### [TASK]
Word for word, retype the lines from the one containing "Mosópor színes ruhákhoz Tomi" to the last line of the data below, both ends included.

Stored dataset items

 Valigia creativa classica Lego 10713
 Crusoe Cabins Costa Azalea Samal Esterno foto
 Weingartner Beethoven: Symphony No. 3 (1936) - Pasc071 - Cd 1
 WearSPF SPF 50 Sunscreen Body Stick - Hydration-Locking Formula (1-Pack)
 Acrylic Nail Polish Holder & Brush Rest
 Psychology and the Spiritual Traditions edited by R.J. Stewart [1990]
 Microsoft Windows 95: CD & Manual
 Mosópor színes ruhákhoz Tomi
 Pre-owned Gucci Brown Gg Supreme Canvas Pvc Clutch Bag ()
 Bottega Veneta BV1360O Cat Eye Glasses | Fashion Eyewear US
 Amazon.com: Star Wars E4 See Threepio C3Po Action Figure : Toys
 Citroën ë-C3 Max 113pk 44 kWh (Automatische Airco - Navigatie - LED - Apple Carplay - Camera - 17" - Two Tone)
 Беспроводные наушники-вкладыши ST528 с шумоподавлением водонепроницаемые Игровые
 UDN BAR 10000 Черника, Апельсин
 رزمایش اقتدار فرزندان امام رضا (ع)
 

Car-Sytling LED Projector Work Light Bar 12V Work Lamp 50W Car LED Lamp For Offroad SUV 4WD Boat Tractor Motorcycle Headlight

### [ANSWER FOR THE TASK]
 Mosópor színes ruhákhoz Tomi
 Pre-owned Gucci Brown Gg Supreme Canvas Pvc Clutch Bag ()
 Bottega Veneta BV1360O Cat Eye Glasses | Fashion Eyewear US
 Amazon.com: Star Wars E4 See Threepio C3Po Action Figure : Toys
 Citroën ë-C3 Max 113pk 44 kWh (Automatische Airco - Navigatie - LED - Apple Carplay - Camera - 17" - Two Tone)
 Беспроводные наушники-вкладыши ST528 с шумоподавлением водонепроницаемые Игровые
 UDN BAR 10000 Черника, Апельсин
 رزمایش اقتدار فرزندان امام رضا (ع)
 

Car-Sytling LED Projector Work Light Bar 12V Work Lamp 50W Car LED Lamp For Offroad SUV 4WD Boat Tractor Motorcycle Headlight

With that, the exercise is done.